TO DO
Write out again the lines from the line with "Munro, John F. C" up to and including the line with "Не хотите связать", exactly as they stand below, and skip any picture.

[Data items]
........

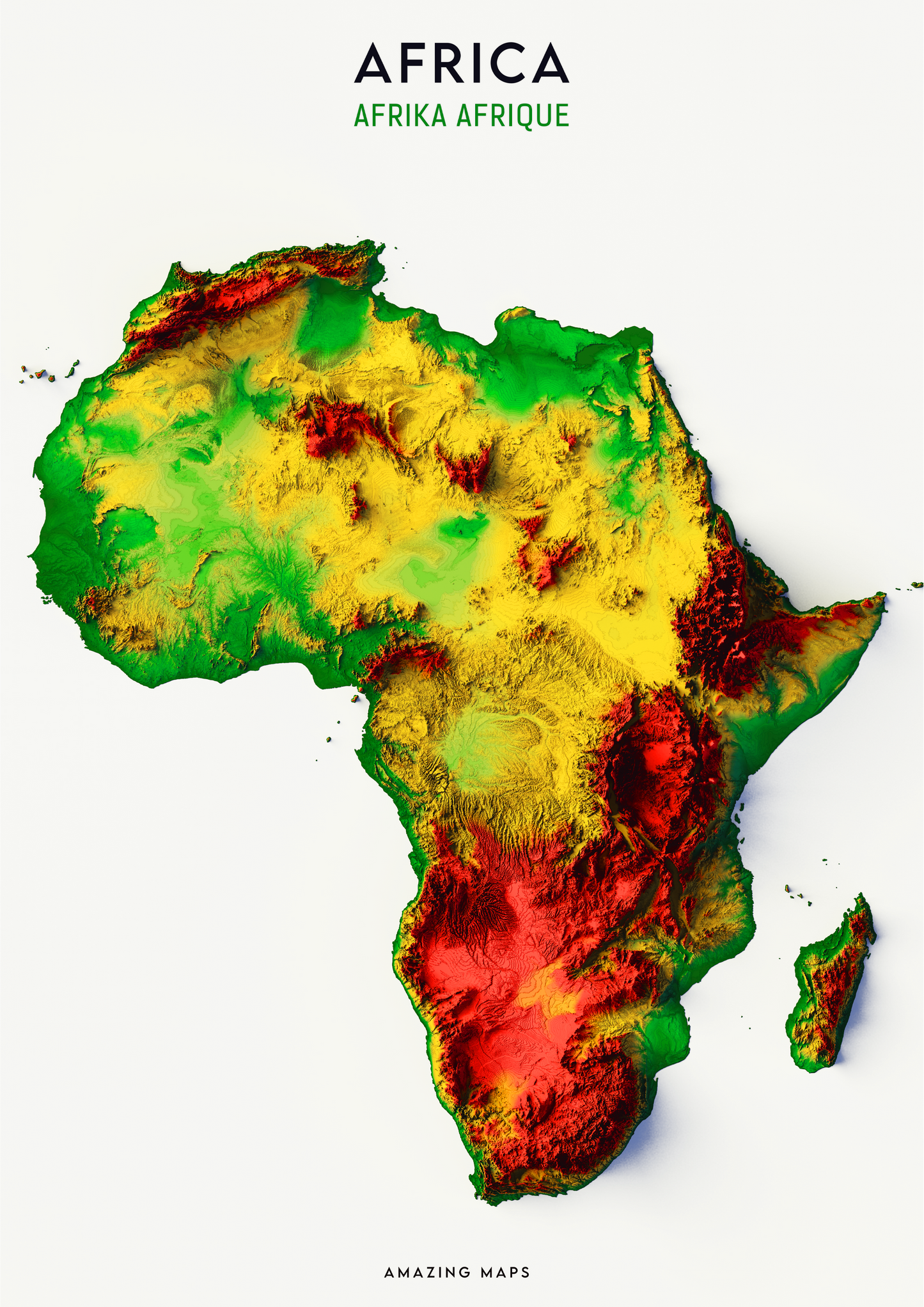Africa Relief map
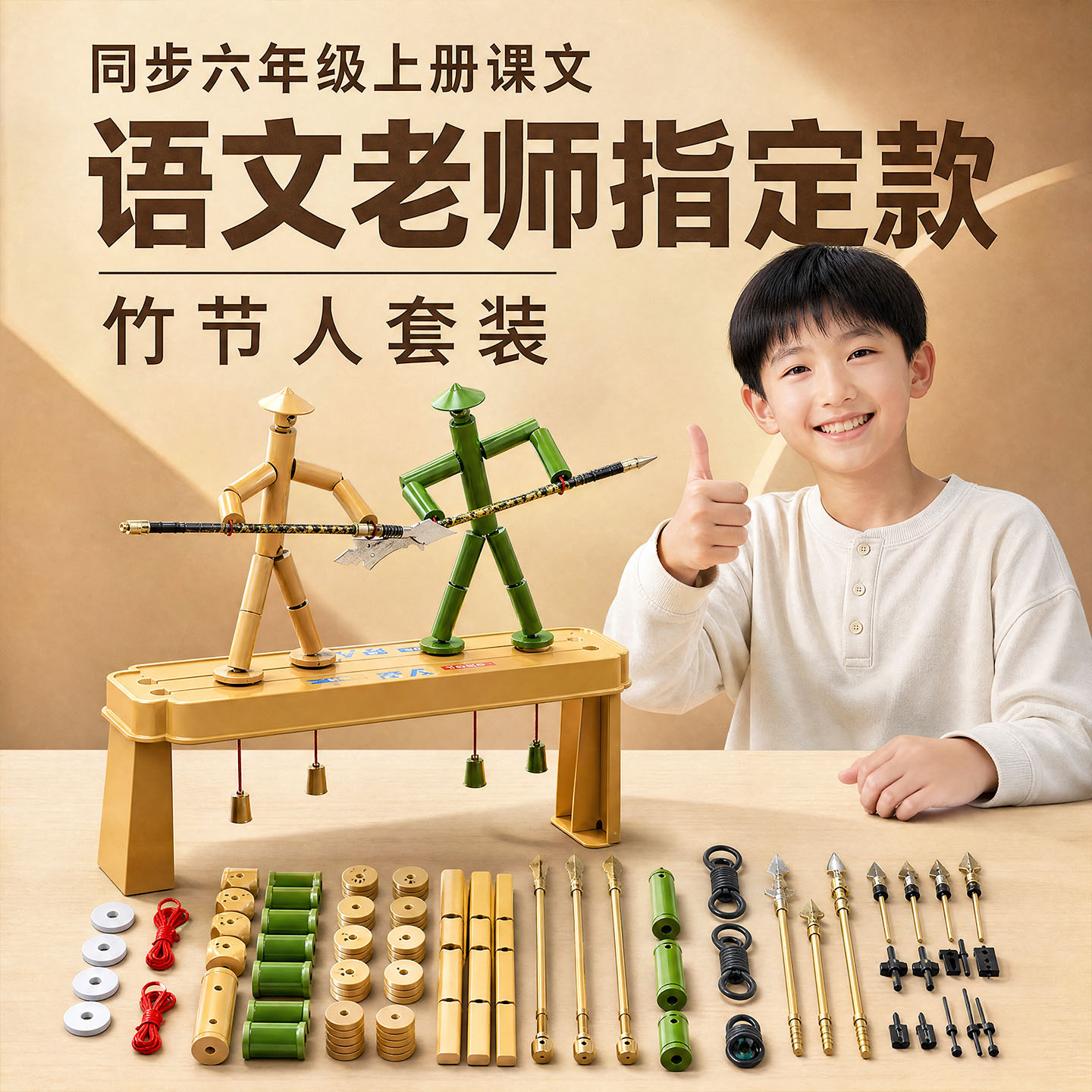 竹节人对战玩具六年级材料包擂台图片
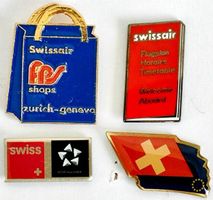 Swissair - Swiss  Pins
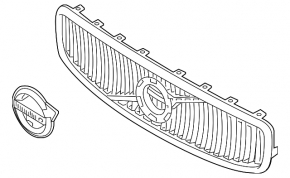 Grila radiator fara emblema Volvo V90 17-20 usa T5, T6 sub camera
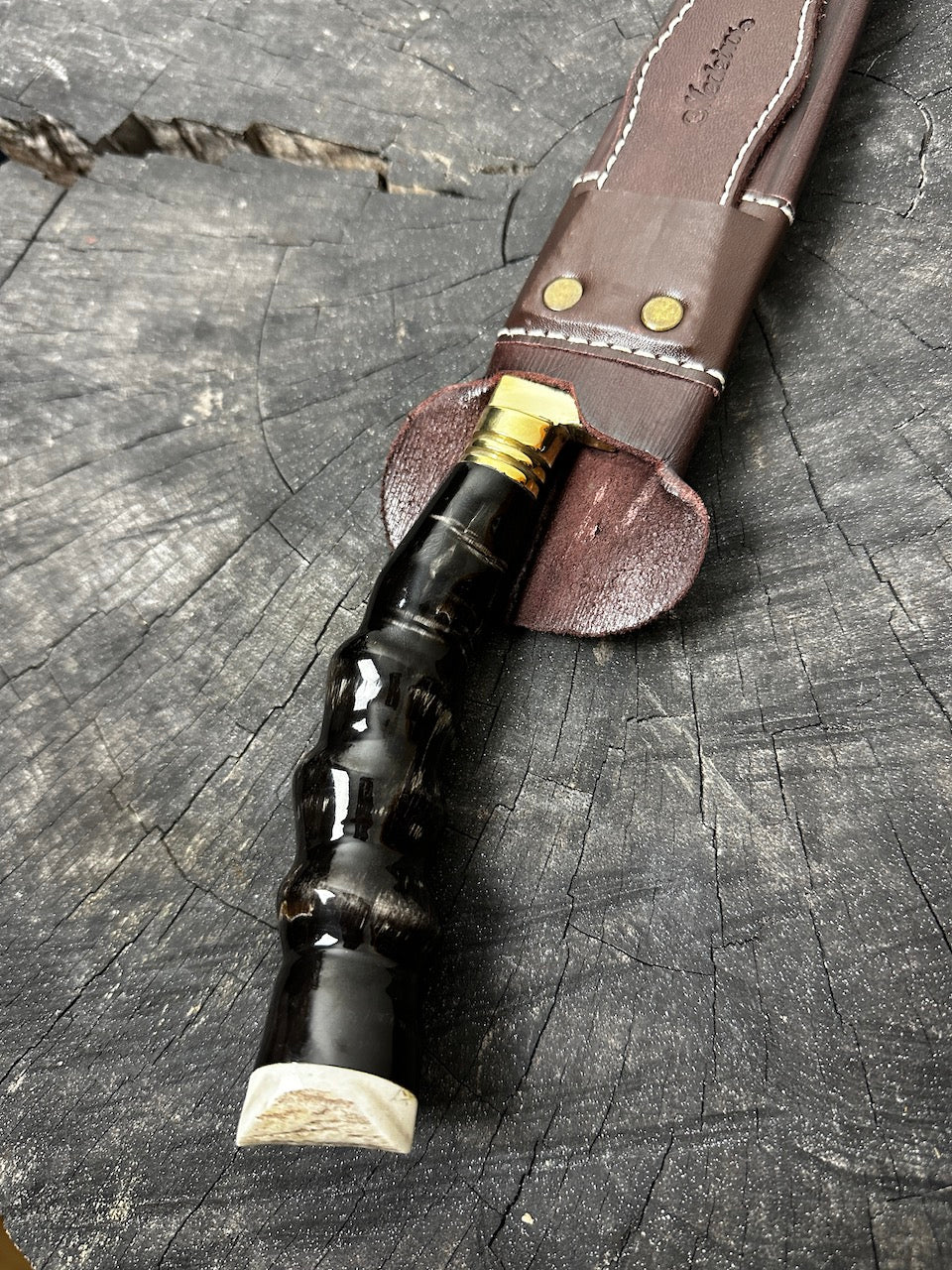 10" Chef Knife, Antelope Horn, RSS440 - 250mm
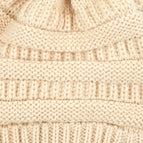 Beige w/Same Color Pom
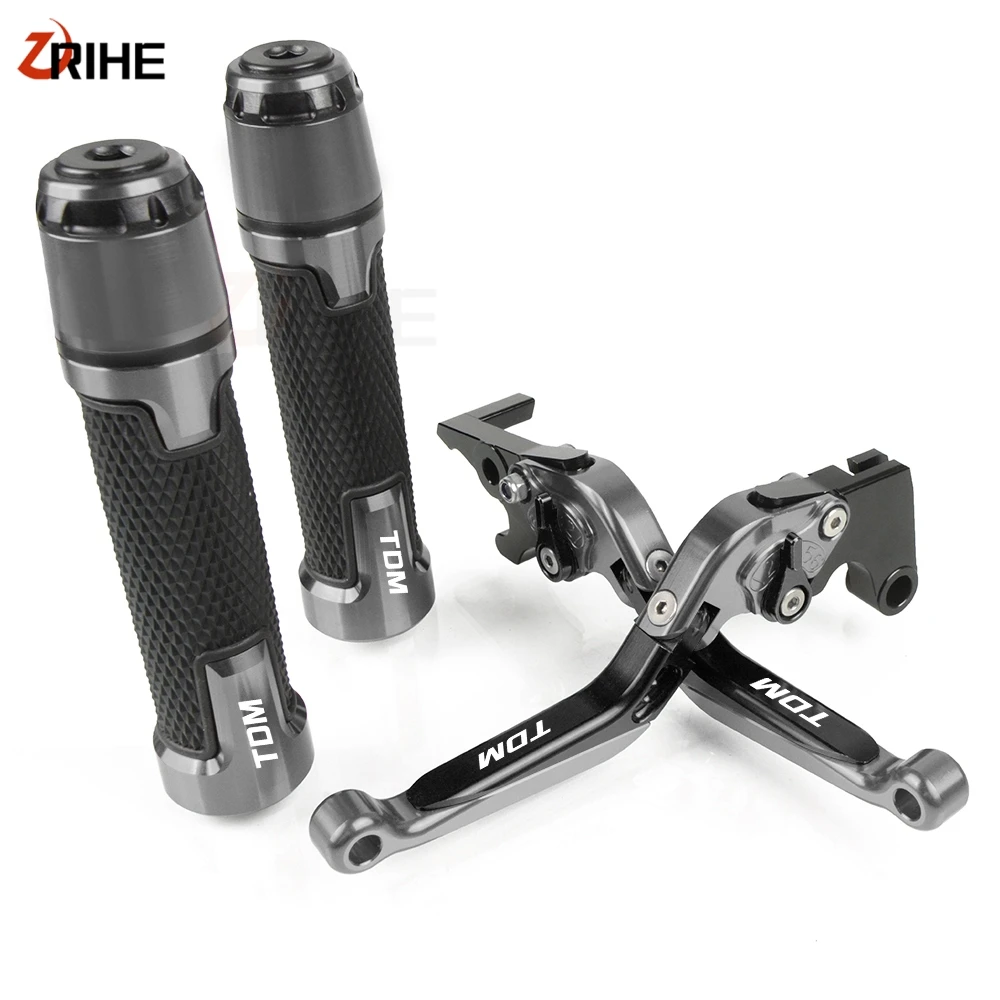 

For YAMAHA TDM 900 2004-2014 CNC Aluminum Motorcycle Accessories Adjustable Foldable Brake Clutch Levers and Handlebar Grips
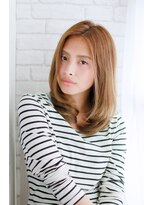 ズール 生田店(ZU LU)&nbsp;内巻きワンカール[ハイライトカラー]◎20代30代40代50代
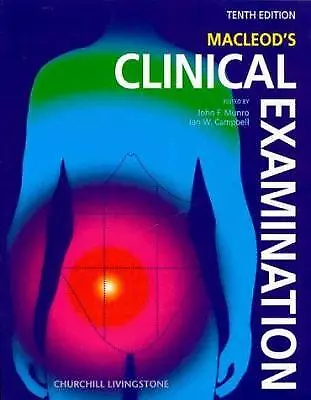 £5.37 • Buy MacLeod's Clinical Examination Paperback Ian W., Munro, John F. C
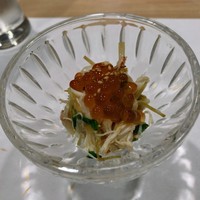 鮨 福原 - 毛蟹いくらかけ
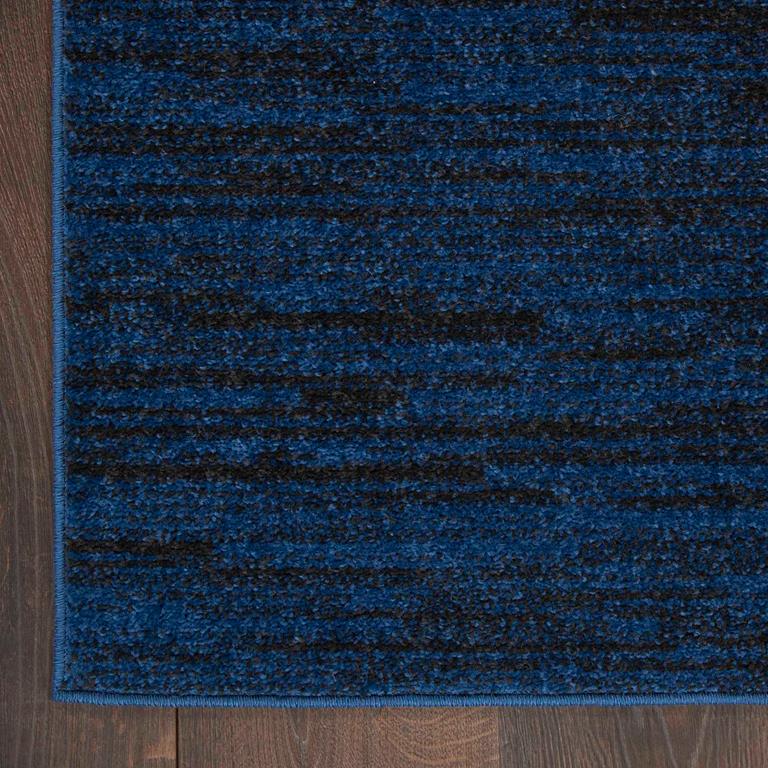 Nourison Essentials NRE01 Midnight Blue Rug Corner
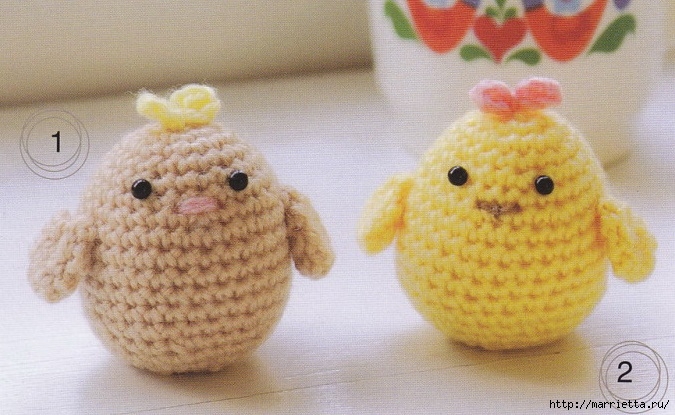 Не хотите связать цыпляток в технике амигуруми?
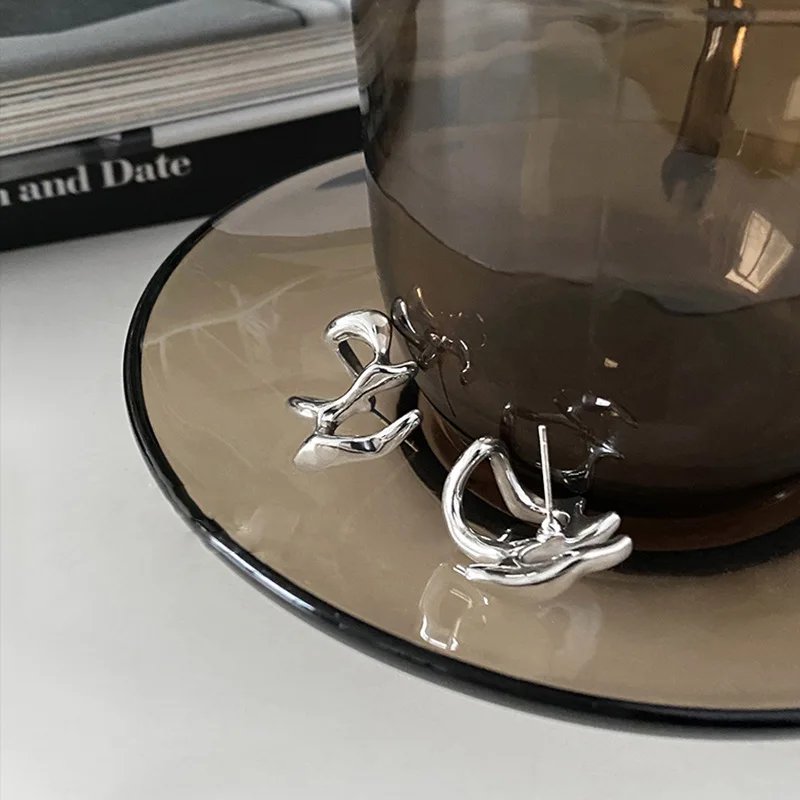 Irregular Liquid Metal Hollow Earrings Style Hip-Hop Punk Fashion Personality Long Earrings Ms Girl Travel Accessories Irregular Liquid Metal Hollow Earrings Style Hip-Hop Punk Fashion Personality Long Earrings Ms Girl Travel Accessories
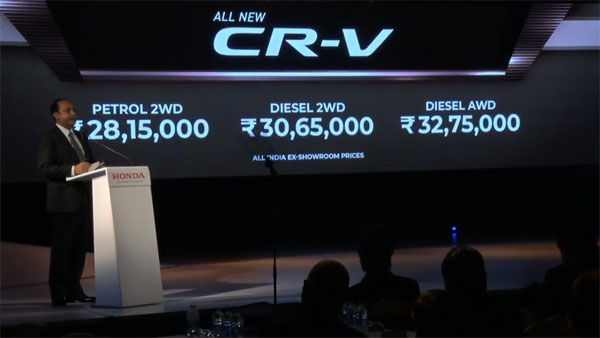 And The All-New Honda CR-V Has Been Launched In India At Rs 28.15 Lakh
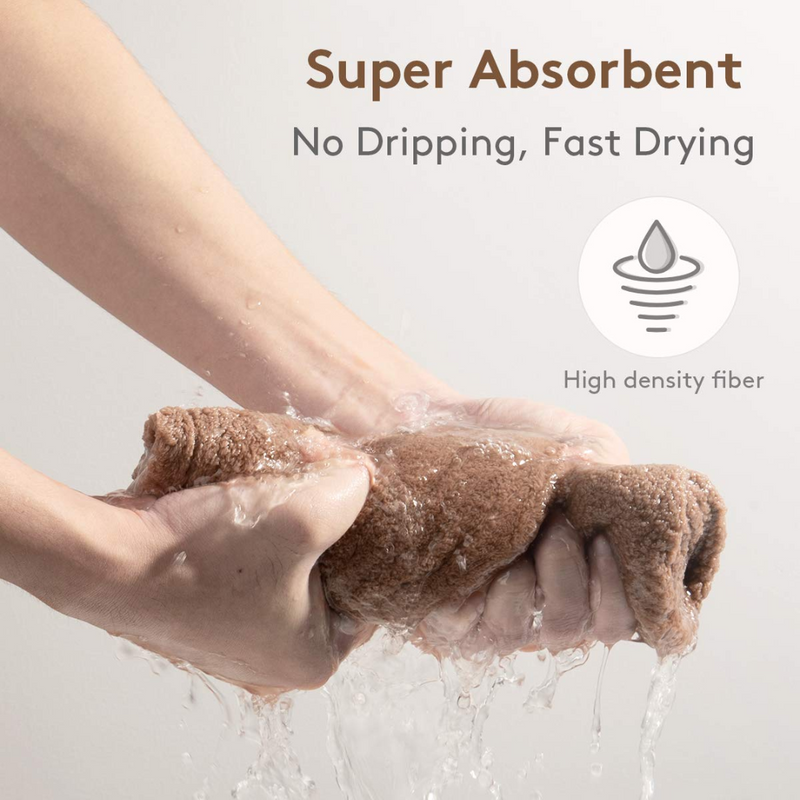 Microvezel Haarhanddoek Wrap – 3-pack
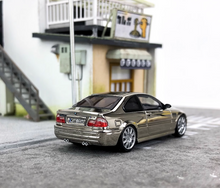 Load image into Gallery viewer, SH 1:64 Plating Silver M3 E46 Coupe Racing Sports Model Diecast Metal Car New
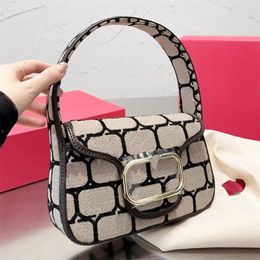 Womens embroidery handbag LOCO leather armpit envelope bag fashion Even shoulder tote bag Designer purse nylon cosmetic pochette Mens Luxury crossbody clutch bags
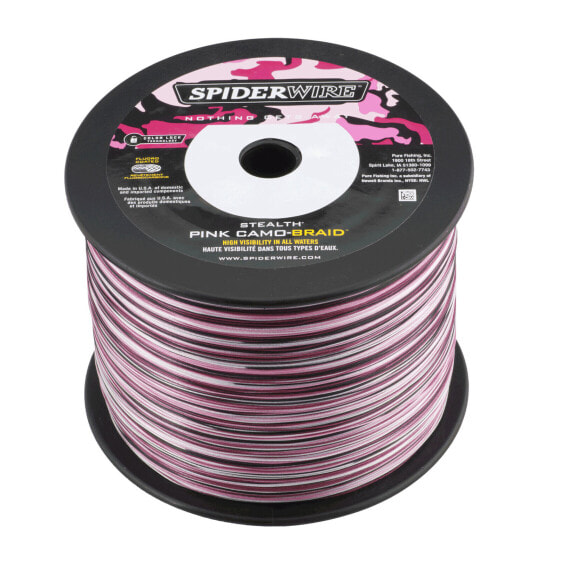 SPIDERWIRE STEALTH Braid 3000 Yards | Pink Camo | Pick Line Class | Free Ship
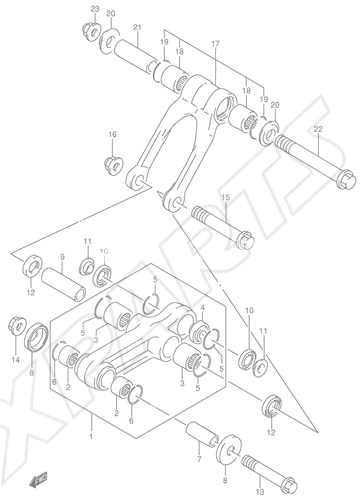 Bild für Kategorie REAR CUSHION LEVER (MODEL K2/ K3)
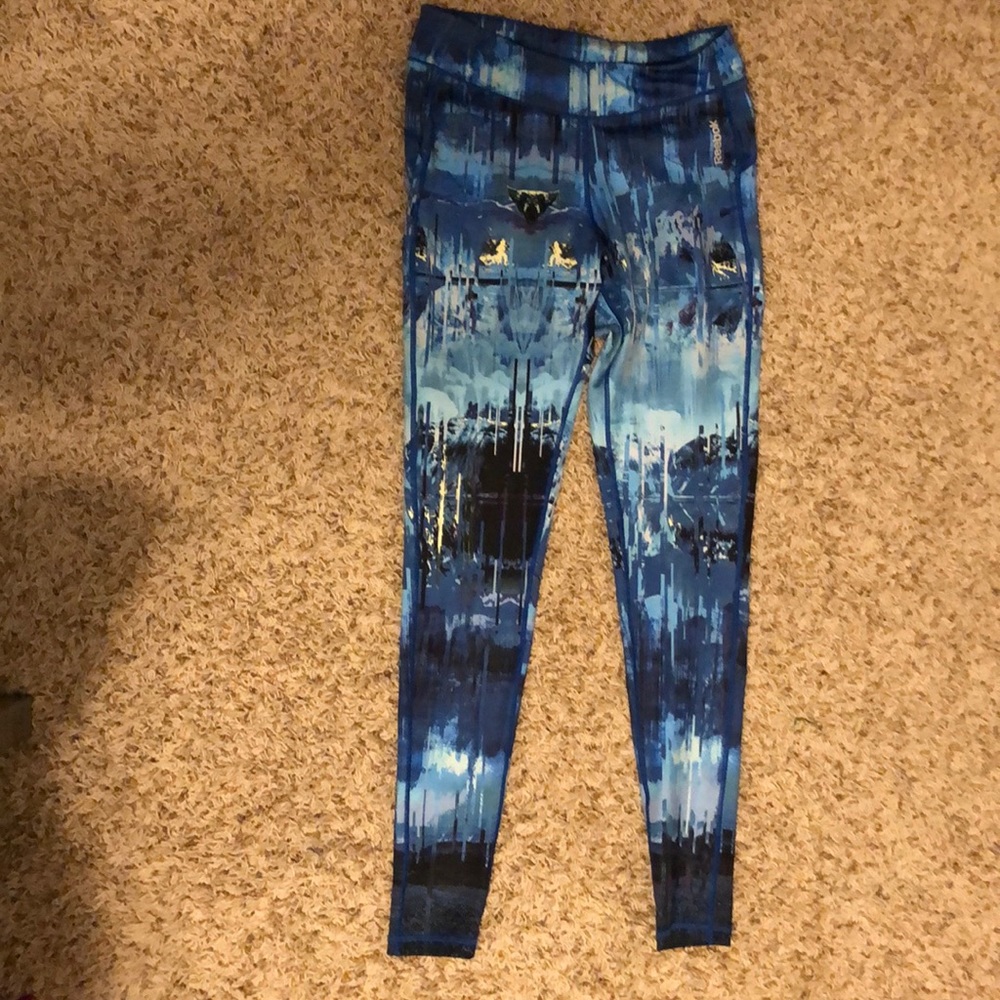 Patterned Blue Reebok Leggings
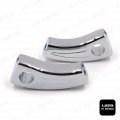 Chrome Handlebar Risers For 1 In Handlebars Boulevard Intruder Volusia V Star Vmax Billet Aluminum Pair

........

RESPONSE TO THIS EXERCISE
 £5.37 • Buy MacLeod's Clinical Examination Paperback Ian W., Munro, John F. C
 鮨 福原 - 毛蟹いくらかけ
 Nourison Essentials NRE01 Midnight Blue Rug Corner
 Не хотите связать цыпляток в технике амигуруми?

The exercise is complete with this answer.